Renversée par une voiture, Sylvia se casse une jambe. A l’hôpital, elle reçoit la timide visite de l’automobiliste fautif. C’est Ariel, une star montante du foot argentin, qui vient d’être embauché à Madrid. Entre les deux jeunes naît progressivement une relation amoureuse. Mais ils doivent vivre leur histoire en secret. Éloigné de sa famille et son pays, Ariel panique, et ne tient pas ses promesses sur le terrain. Sylvia doit entrer à contrecœur dans le rôle de la petite amie secrète d’une star. Pour le meilleur et pour le pire.
Scénariste et réalisateur de renom, David Trueba apparaît au générique de nombreux films espagnols, dont plusieurs de son frère, Fernando Trueba.

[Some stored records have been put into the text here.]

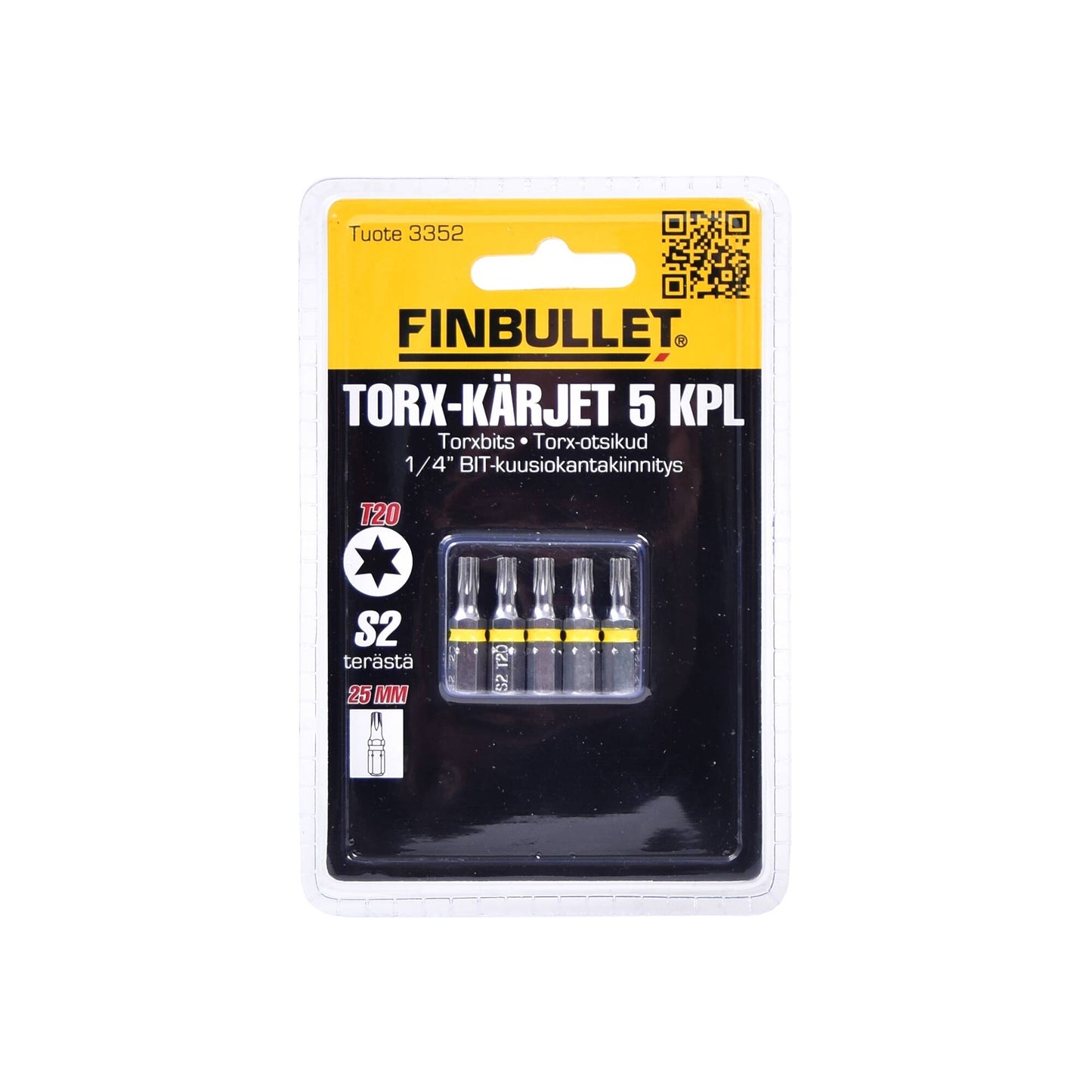Finbullet Torx bit set 5 pcs 1/4" T20 x 25 mm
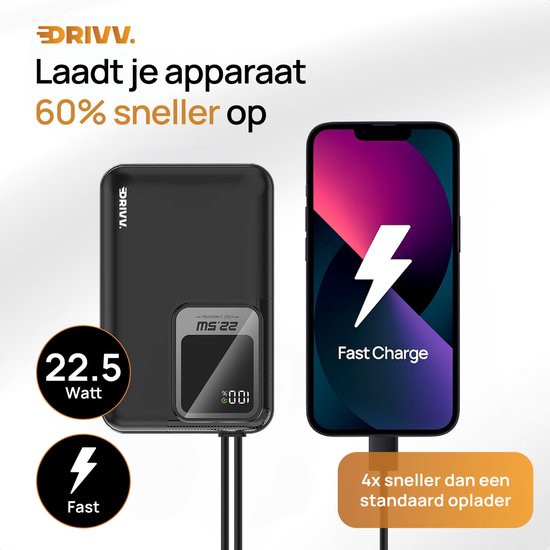 Drivv. Batterie externe 20 000 mAh - Avec câble 8 broches et USB-C intégré - Câble de recharge 60 W inclus - Fonction de recharge rapide 22,5 W - USB / USB-C - Kit d'urgence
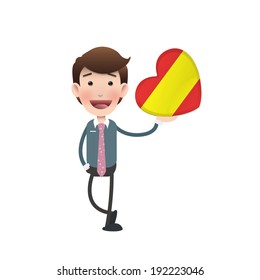 Businessman with spain flag heart over white background.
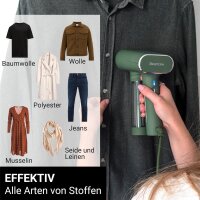 SteamOne EUNS150G Reise-Dampfglätter, 2000W, 30g/Min, 8 Min Laufzeit, 150ml Tank, 3m Kabel, 30 Sek Aufheizzeit, entfernt 99,99% Keime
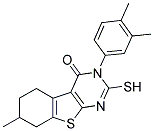 3-(3,4-DIMETHYLPHENYL)-2-MERCAPTO-7-METHYL-5,6,7,8-TETRAHYDRO[1]BENZOTHIENO[2,3-D]PYRIMIDIN-4(3H)-ONE Struktur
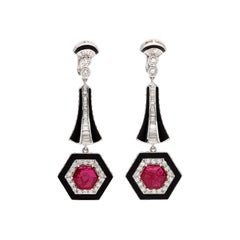 Red Ruby, Diamond and Enamel Drop Earrings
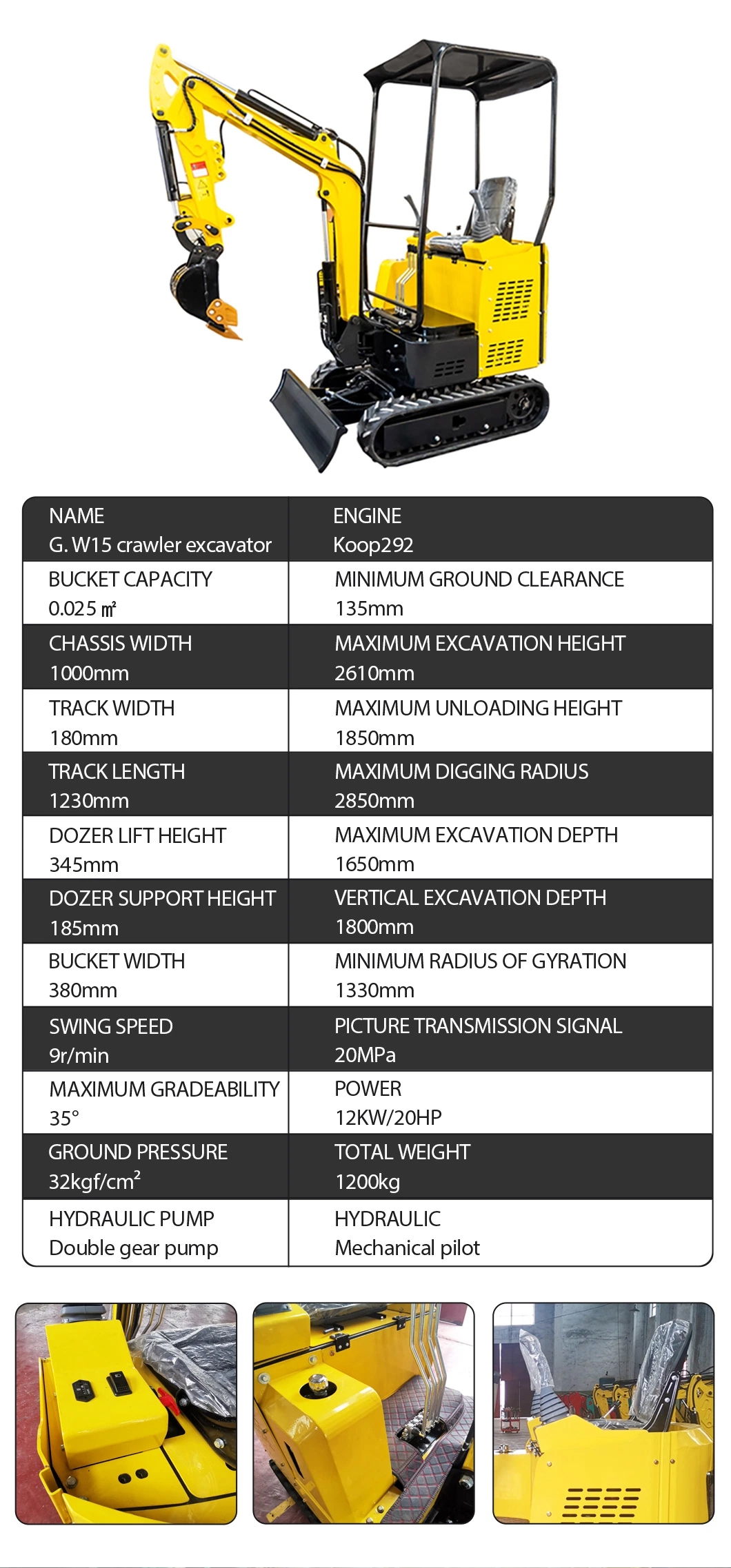 0.8t/1.0t/1.2t/1.5t 800kg1000kg1700kg 1.7ton 2.0ton Mini Excavator Hydraulic Diesel Electronic Flexible Chasis Swing Boom EPA4 CE Euro5 Gardon Construction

Il co-signe également le scénario d’un des films espagnols les plus fous de ces dernières années, Le jour de la bête de Alex de la Iglesia. Cette carrière cinématographique n’est cependant nullement un fardeau dans son travail d’écrivain. Si l’on retrouve dans Savoir perdre le potentiel d’un grand film intimiste, le livre bénéficie néanmoins d’un véritable souffle littéraire. Chez Trueba, le mot est toujours juste, mais sait rester modeste. Le tour de force reste dans sa construction, souvent impressionnante, qui mêle avec brio quotidien et grandes questions, sans jamais forcer le trait. Magnifique odyssée intime, Savoir perdre est probablement la plus belle révélation étrangère de cette rentrée.
« Savoir perdre » de David Trueba, traduit de l’espagnol (Espagne) par Anne Plantagenet, éditions Flammarion, 442 pages, 21 €.